After thinking about it more, I came to the conclusion that I was absolutely right, but very wrong. "They" were not going to change and I (we) was (were) the worse for wear. So better detection was patched into Camino. Absolutely a sad state of affairs, but now we don't have nearly as much of a hassle as we did have.
It has been, and always will be, an issue that the web is infused with a lot of crappy code; especially javascript. If you develop a browser and only point the finger, guess what? Your users lose functionality. And what's the point of spending time creating a browser if most folks get "driven" to use something else that simply works better.
Frankly, I fervently hope that Pink and the guys who write Camino's code take pride in their oh so clever ways of working around others crappy code.

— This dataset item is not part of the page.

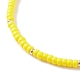 5 pièces 5 couleurs bracelets extensibles en perles de rocaille miyuki avec mauvais œil BJEW-TA00055-6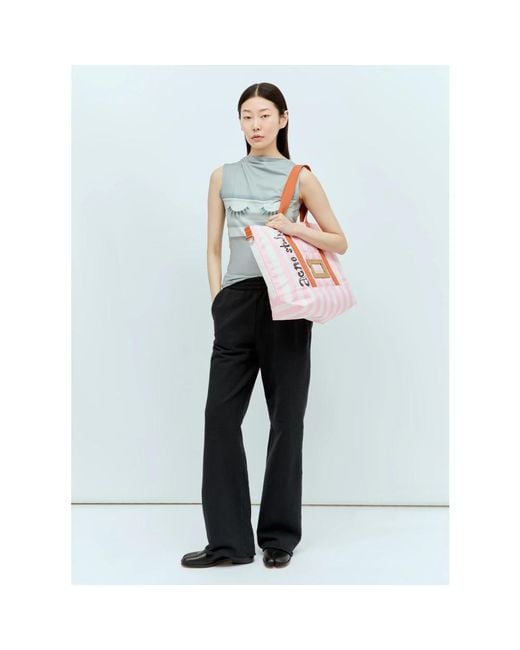 Acne Pink Shopping Bags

At 11:56 AM -0500 2/8/04, [EMAIL PROTECTED] supposedly scribed:
This is because the javascript code behind the select menu you've pointed to is totally broken. I have no idea what Golive is doing here, but this is some of the JS that forms the jump menu that you pointed to:
<csobj w="158" h="23" t="URLPopup" data="{ 0 = { label = "Tequila Reposado"; selected = "YES"; }; 1 = { label = "1921 Reposado"; url = "retour/1921rep.html"; }; 2 = { label = "1921 Reserva Especial"; url = "retour/1921res.html"; }; 3 = { label = "Aguila"; url = "retour/aguila.html"; }; 4
First of all, there's no such tag in the HTML spec as "csobj" - it's proprietary to Golive. Second of all, if you're creating a jump menu all you need is an onchange action in the form instead of the spaghetti code that Golive spits out.
Do a google for "javascript jump menu" and you'll find scads of examples. I hate to say it, but your problem is one of the many gotchas you can encounter when you let a piece of software do your coding for you.
Short answer: This isn't Camino's fault.